Figure 1. Some reactants of Buchwald-Hartwig amination reaction.
Method
1. Topological Data Analysis and Multi-Factor Analysis of Variance
- Cluster various reaction conditions and the corresponding yield mean based on topological data analysis, identifying more high-yield conditions.

Figure 2. Cluster visualization.
- Analyze the combination effects of additives, aryls, bases and ligands on yield based on multi-factor analysis of variance, identifying the optimal combination of reaction conditions.

Figure 3. Pairwise interaction plot of additive, aryl, base, ligand.
2. LightGBM for Yield Prediction
- Learning rate setting by cross-validation and grid search.

Figure 4. Grid search for learning rate.
- Superior yield prediction accuracy and speed compared to other methods.

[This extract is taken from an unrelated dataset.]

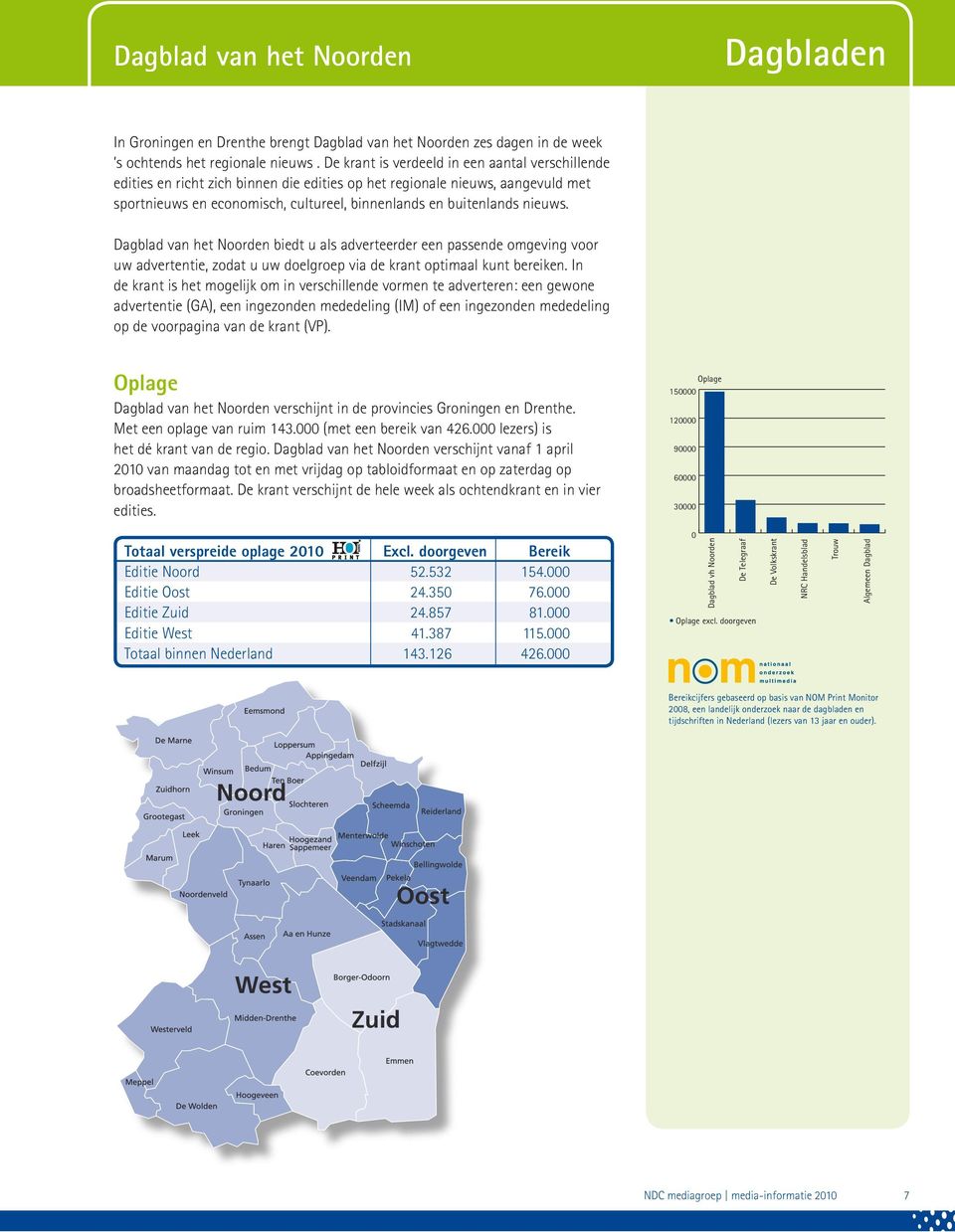 nieuws. Dagblad van het Noorden biedt u als adverteerder een passende omgeving voor uw advertentie, zodat u uw doelgroep via de krant optimaal kunt bereiken.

Figure 5. Prediction performances of different models.
3. Stratified Diversity Sampling
Stratified diversity sampling combines the advantages of stratified sampling (ensure coverage of all categories) and diversity sampling (increase variation in the training set). It is used to sample the training samples in the training stage, improving the representativeness and out-of-fold generalization of OCS-TGBM. The sampling steps are as follows:
(1) Based on TDA clustering, the dataset is divided into several strata (layers or categories). For each layer, randomly select 10% of the data as the initial labeled set, and assign the remaining 90% as unlabeled.
(2) For each unlabeled data point, calculate the cosine similarity with all labeled data points:
\[\cos(\theta) = \frac{\sum_{k=1}^{n} x_{1k} x_{2k}}{\sqrt{\sum_{k=1}^{n} x_{1k}^2} \cdot \sqrt{\sum_{k=1}^{n} x_{2k}^2}},\]where \(x_{1k}\) represents the labeled sample, and \(x_{2k}\) the unlabeled sample.
(3) Sort the similarity values of each unlabeled sample to the labeled set in ascending order (i.e., least similar samples come first).
(4) Choose the top-𝑚 most dissimilar unlabeled samples and add them to the labeled set. Remove these samples from the unlabeled set.
(5) Repeat steps (2)-(4) until the labeled set reaches n% of the total data. The labeled set \((A \times n\%)\) becomes the training set, and the unlabeled set \((A \times (1 - n\%))\) becomes the testing set.